THE MINISTRY OF CLIMATE CHANGE X THE ENVIRONMENT
The Luxury Apartment Complex in Lagos
When I was ten years old, my parents moved our family from our flat in Anthony Village to a home they had built in the hinterlands of Ibeju-Lekki—beyond the landmarks of Lekki Phase I, Lekki Phase II, Chevron and Ajah. Our house was closer to Epe and so far removed from the core of the city that people often joked about us living in a place that wasn’t the ‘real’ Island. Before then, we had only lived on the mainland. Living in Surulere and later in Anthony Village shaped my understanding and expectations of the Lagos experience as one firmly rooted on the other side of the Third Mainland Bridge.
A few years before our move, I saw a television advertisement for the Eko Atlantic City development for the first time. As a child, I had been socialized to view the Island and Peninsula portions of Lagos as the domains of the city’s wealthiest and most elite. Save for a few affluent mainland areas like FESTAC, Magodo, Gbagada and Ikeja, proximity to the water was widely regarded as proximity to wealth. Watching that ad, mostly intrigued by the animated depictions of the dredging of Bar Beach, I imagined that this ambitious urban development would allow more Lagosians to experience the amenities found in the city’s most luxurious neighbourhoods.
Many years have passed since I first saw that ad. I have completed secondary school and university, and now I work, but Eko Atlantic City remains a small, secluded cluster of exorbitantly priced, mostly empty, heavily policed high-rise apartments. It is neither an extension of Lagos’s true identity nor a space that reflects the experiences and realities of the majority of residents and is largely antithetical to my childhood dream of an equitable living community.

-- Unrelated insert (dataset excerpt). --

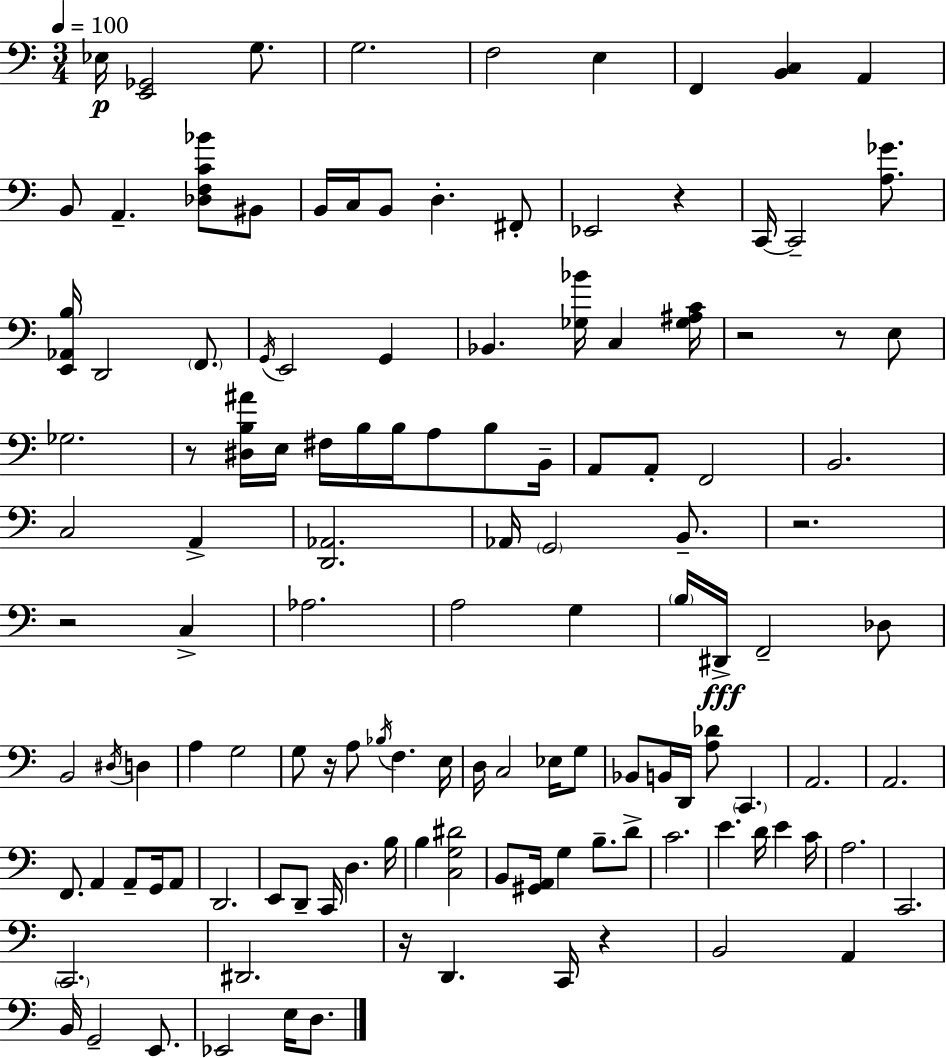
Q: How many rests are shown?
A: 9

In recent years, Lagos has witnessed a surge in waterfront developments, mirroring the urban landscapes of cities like Miami and Los Angeles. The Lagos living experience now seeks to provide a shielded experience for the rich while ignoring the needs of the lower-income citizenry, who make up more than 60 per cent of Nigeria. Rather than fostering inclusive growth, these developments have intensified socio-spatial inequality while increasing climate vulnerabilities, such as rising sea levels and increased inner-city flooding.

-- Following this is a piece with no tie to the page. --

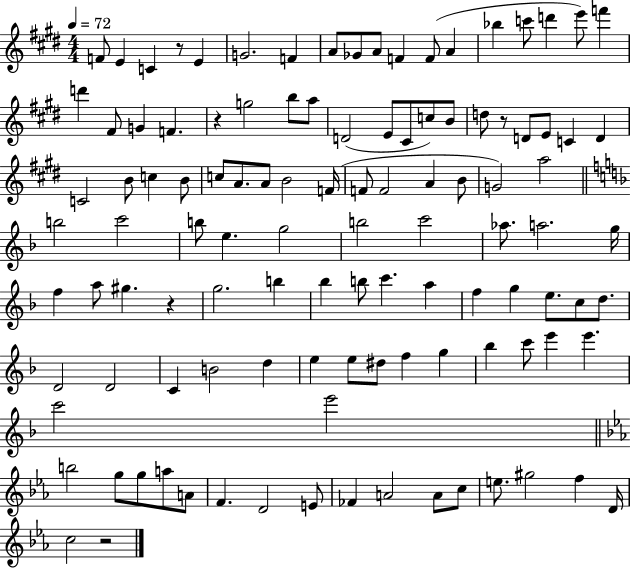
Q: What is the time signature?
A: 4/4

But what are the roots of this trend?
THE HISTORY OF URBAN DEVELOPMENT IN LAGOS
To understand contemporary urbanization in Lagos, it is necessary to examine the legacy of British colonial rule in shaping the city’s spatial development. Historian, Anthony King, pioneered work on the idea of the ‘colonial city’. In his 1974 paper, he conceptualized it as a, ‘limited area of spatial territory whose total landscape results from adaptation and subsequent habitation by a culture-specific and colonial form of social organization.’ In other words, colonial cities enforce separation: colonizer from colonized, white from Black, and so on. Since then, other scholars like Janet Abu-Lughod, in her 1965 study of the urban development of Cairo, and Daniel Immerwahr, in his research on Lagos, have further explored the interactions of colonial and urban policy and the impacts these have in the long run and on indigenous populations. They depict the colonial city as a dual city; on one hand, comprising governmental areas featuring Europeans, their architecture and urban design, and on the other, indigenous people.
Though Lagos currently exists in the post-colonial, echoes of the ‘dual city’ remain. I interpret the idea of the dual city in two ways: first, through socio-economic stratification, where wealth determines access to quality housing and even security; second, through environmental vulnerability, where low-income communities bear the burden of climate risk.
Immerwahr, a professor of History at Northwestern University, in his 2019 paper outlines two major phases of Lagos’s urban evolution. The first involved the creation of a post-independence architectural image, as the city sought to establish an identity distinct from its colonizing power. The second phase saw the Nigerian government assume responsibility for housing the population. However, this commitment was short-lived; since then, administrations have shifted toward neoliberal market-driven urban policies, which have paved the way for elite-focused real estate developments. This shift has only worsened inequality levels, with luxury projects occupying prime land while the majority of Lagos residents grapple with housing insecurity, with over 70 per cent of residents living in informal housing settlements or slums.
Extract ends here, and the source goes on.